I laughed, "Grandma, it's 9am. I dont ever work before noon, this is still early for me."
"Well snap out of it. You're putting on weight. I can see it in your face. You need to stop drinking so much, and get on with things."
Plain and simple. No one had really approached me yet about that fact. My parents had expressed interest and worry on what I was going to do now that I was out of school for at least a year, if not the forseeable future, and I made little secret about my hard partying lifestyle. But for the most part, they had remained quiet about it, and I dont fault them at all for it. My parents have always let all their kids find their way through life without much prodding or pushing, and I imagine they were simply waiting to see what I would come up with next. But not Grandma. She raised three boys and still continues to do what she can to run the rest of us, and she was not about to let me sleep and drink my way through my days.

Not another word was said about it, and there didnt need to be. Whether she really meant to or not, she had planted a seed. It brought on a rush of feelings. I felt alone and abandoned. What sort of a hero could I be when the person I wanted to save gave me no inclination that I was requested to do so? I had become an incomplete person for no other reason than I told myself that I was. All I really wanted to do was be a writer...but I couldnt write. I had been sitting in front of empty notebooks and blank computer screens for months. To write well, you need passion, and I had always thought that a depressed, alchohol induced writer was the way to be...then why couldnt I write? My roomate, Doug, and I had finished our masterpiece screenplay Saturday Night, and had submitted it to lukewarm if not disinterested reviews. There went that dream. I had a novel idea, but perhaps I realized even then that it was too much based upon my own life, and I couldnt come up with an ending because I had no idea how my own situation was going to end. I was stuck in a rut, spinning my wheels in epic proportions.

So I sat out on that deck and battled with myself throughout the morning. The trip was by no means ruined, and in truth, I did very little at that time to start making any grand changes. It ended up being one of my most memorable 4th of Julys, as I revelled in the grandness of the land where I spent my youth, we shared beers and stories, and I began what would be a long road of spiritual healing. I can say without certainty that it was then that I took my first steps back towards finding myself and what it was that my heart desired. By the end of that trip, I was certain of one thing: I needed love in my life, and I was going to do what it took to get it back. I did not yet realize, however, that the enormous, delicious love I was to find was in another place entirely...but that's, like I said, another story.
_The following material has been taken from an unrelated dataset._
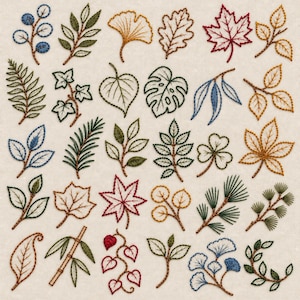 May include: A collection of various embroidered leaves and botanical elements stitched onto a light beige fabric. The designs feature diverse shapes including maple, oak, ginkgo, and fern leaves in shades of green, red, blue, and yellow.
Today, when I walked out the door to my place, I looked out at the ocean in a place I never imagined, in my wildest dreams, that I would make my home. It may be a temporary home and place, but it is my place...and I know that securely. The road I have travelled in these past years has been wrought with surprises and enormous changes of direction, yet, I can trace the first steps back to my return home from that trip to Oregon. When I got back, I resolved to lose weight, get back in shape, and cut back on my drinking. I managed the first two, and the third has slowly followed. I put myself back in the arena and field of adventure with my brief venture into firefighting, and have since finally found the challenge I have hungered for all my life.

It is an invigorating feeling. While there are still a multitude of wants and needs in my immediate life, I can say that I am finally where I want to be. I've finally found myself again.